Potential mechanistic pathways between nontuberculous mycobacteria (NTM) and the host lung microbiome. The complex interplay between healthy state and dysbiosis is influenced by microbial factors (species present in the microbiome, presence of virulence genes and acquisition of genes by horizontal gene transfer) and host factors (innate and adaptive immune system, external pressure selection such as by antimicrobials). This dynamic ecological niche plays a critical role in the transition between acquisition to infection and finally infection of organisms, such as NTM. Created with BioRender.com.

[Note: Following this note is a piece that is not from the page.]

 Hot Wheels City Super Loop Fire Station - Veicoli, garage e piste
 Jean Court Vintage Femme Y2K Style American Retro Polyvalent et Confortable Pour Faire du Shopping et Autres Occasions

Characterisation of the lung microbiome in NTM infection may provide novel therapeutic avenues, such as the use of probiotics, prebiotics, antibiotics, enhancement of “good” members of the community or potential elimination of detrimental members by modification of microbial composition [25]. NTM disease is unique because antimicrobial treatment is long, arduous and has variable success. Characterisation of the airway microbiome may be used not only to aid in antimicrobial drug selection, but also as a marker of the effect of therapy by identifying changes in community diversity over time as an early biomarker to determine treatment efficacy. Longitudinal prospective studies with successive sputum samples are required to better elucidate changes in the microbiome composition during NTM infection, disease progression and treatment course. Furthermore, longitudinal studies as compared to cross-sectional analysis may allow identification of dynamic changes to aid in clinical decision management. This will allow further characterisation of the resilience and responsiveness to the community with clinical changes over time. Future research directed towards the role and impact of the respiratory microbiome in NTM incidence and disease progression is critical to fully elucidate host–microbe interactions and to improve patient care.